Okay, what wisdom would I impart on my younger self? Hmm....... Let's do this list style!
1. Let me start this off by saying to you, YOU ARE NOT FAT! One day, after the rigors of having children have left your body swollen and soft, you will wish that you were that "fat" again. Believe me! So stop worrying about it. You look good.
2. Bangs? No! Oh, but you think you will look good? Don't. Do. It. You will hate them, no matter what they look like. When the urge to play beautician at 3 am sounds like a good idea, put the scissors down and back away. You will immediately regret your decision and get mad at yourself. Yes, this has happened a bunch of times. I know. You have a notoriously short memory span for inflicting hideous hairstyles on yourself. While we are talking hair, don't cut it short either. Save yourself some tears. You don't like it short. Easy thing to remember: Never shorter than your shoulders! The growing out above shoulders is a year long pain. No. No Bangs! I'm serious. Next time we talk I'll be more prepared and bring pictures to prove my point.
3. Sleep. Sleep, sleep, sleep, sleep, sleep! You still are not getting enough when you are 35. (By the way, 35 is not old.) There is nothing that you will miss if you go to sleep at a decent hour, so do it. You will wish you could later in life, but the years of staying up so late have taken a toll. Try to stop it now. Please.
4. When you move to Louisiana, watch what you eat. Those 60 pounds were very hard to lose. Yes, the food is delicious. I get it. I'm just trying to save you some grief. Also, and this is very important: When you and Julie are about to watch a movie and she goes in her room to change? DO NOT OPEN THE DOOR TO ASK WHAT SHE WANTS TO WATCH!!!!! You don't even want to know what is happening behind the door! It is mortifying, humiliating, and you won't be able to look at Julie and John for a few days. The image stays in your head for the next 18 years, haunting you.

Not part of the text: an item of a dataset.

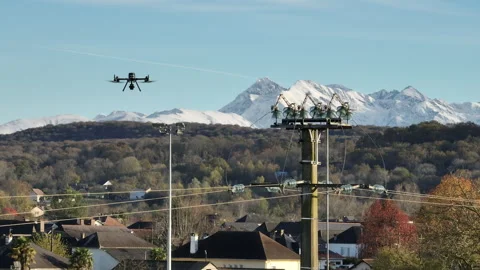 Drone hovering above village rooftops with electricity infrastructure and Stock Footage 337958835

Just pick a movie on your own. She won't care.
5. Go to therapy. I can't stress this enough. What happened with Fred was bad, so go and talk to someone about it. You can deal with it on your own, but why should you? It manifests itself in other ways down the road that affects how you are with your family. Just go talk. That's what they are there for.
6. Speaking of therapy, Let me tell you: There is nothing wrong with admitting you are weak sometimes. You can be vulnerable, or hurt and people will help you without thinking bad things about you. When you get hurt at Fed Ex in 6 years, DO YOUR PHYSICAL THERAPY! No, I'm not yelling at you a lot. I'm "stressing" my points. Listen to me. You will know the night, by the sickening feeling in your whole body that something bad is going to happen. You will tell Mom on the way to work that you have a bad feeling someone is going to get really hurt at work. Heads up-it's you. I don't want to stop it from happening because what happens because of it is all good, but some things to remember:
- Do NOT wrap your hands up in the strap on the side of any AMJ can. You will know what I mean. This might make your injuries less severe.

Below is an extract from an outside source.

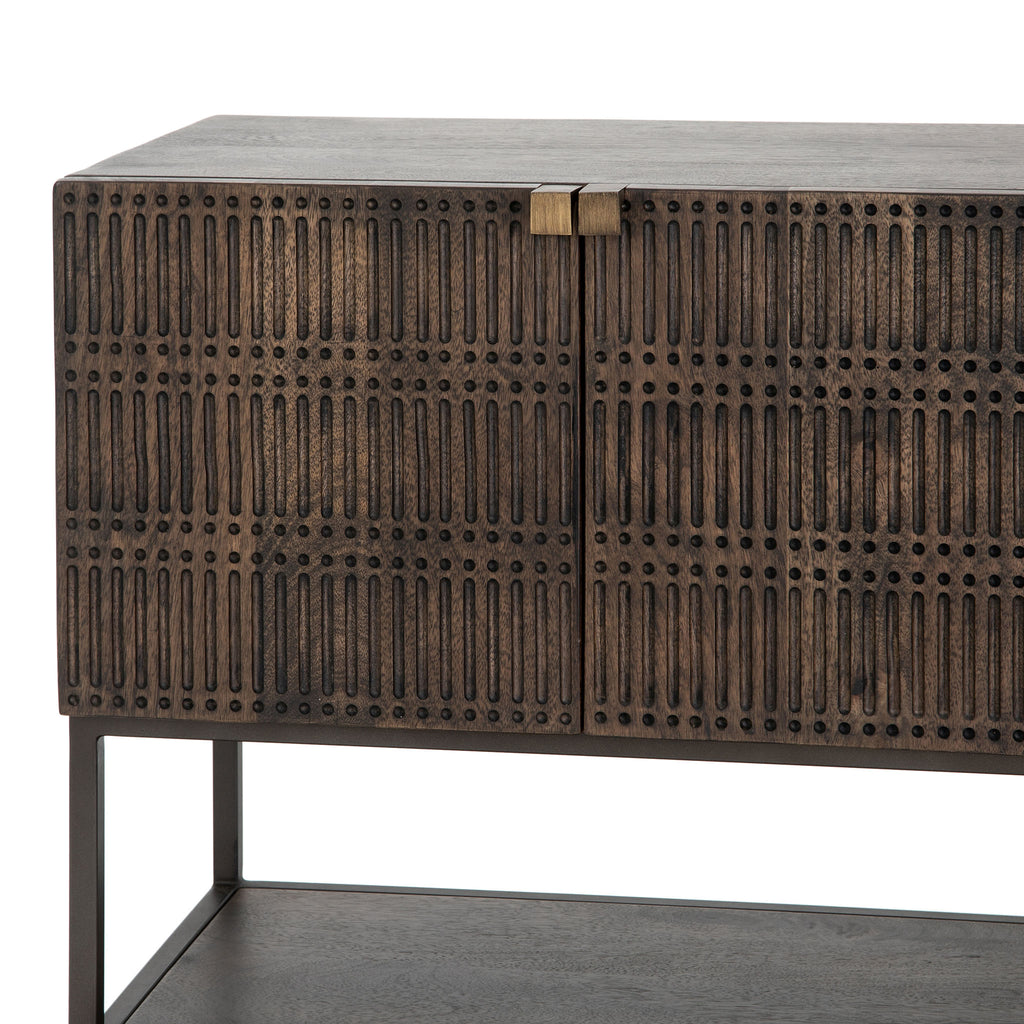 Four hands furniture brand Kelby media console with iron base and four carved doors with square brass pulls on a white background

- Vicodin does not work. At All! Just ask for Ibuprofen.
- Do your freaking Physical Therapy, no matter how long it takes. Your back is still jacked up 14 years later.
- Biofreeze is going to be a life saver! Try and find some now. It is amazing on headaches.

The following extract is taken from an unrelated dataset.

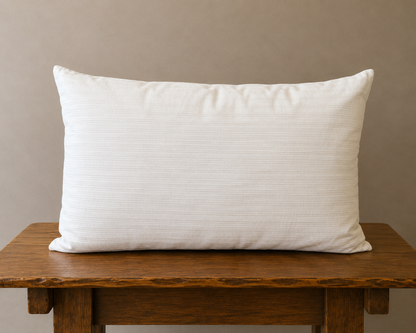 Back of pillow on a wooden table against a beige wall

8. You are very lucky with the friends you choose. Good job on that! They all turn out to be really good people. Maybe spend more time hanging out with them, because you will have fond memories to look back on when you live so far away, and you miss them.
9. Talk to Grandma and Grandpa Woodsworth about genealogy. It's something you will be interested later, and there is some confusion with names. Get it straight from them. Plus, Grandpa doesn't have much longer, so enjoy your time with him.
10. Alright, looks like my time here is coming to a close so my final bit of wisdom is to stay away from Aaron at Fed Ex. You don't learn anything from him, except that he is a lazy cheapskate and has an ash mouth. He's a smoker, and the only kiss you share is a disgusting experience for you. Let me spare you that memory. And save you the $300 he "borrows" for his "car". You won't see that again. Ick. He wasn't worth it. Hey, you might even like Vin Diesel (an actor) if you avoid his look alike, but no big loss on that either. His movies are only so-so.
10 1/2. Oh, I forgot-you will be lactose intolerant after you have kids. Yes, apparently pregnancy can do that. Who knew?!? So enjoy all the cheese, milk, and yogurt you can eat now while it won't tear your stomach up. It's almost not worth it when you eat it later. I won't go into detail, but it's pretty awful. The scene in French Kiss where she scream out "Lactose Intoleraaaaaaaaance" and what follows, says it all. You've been warned.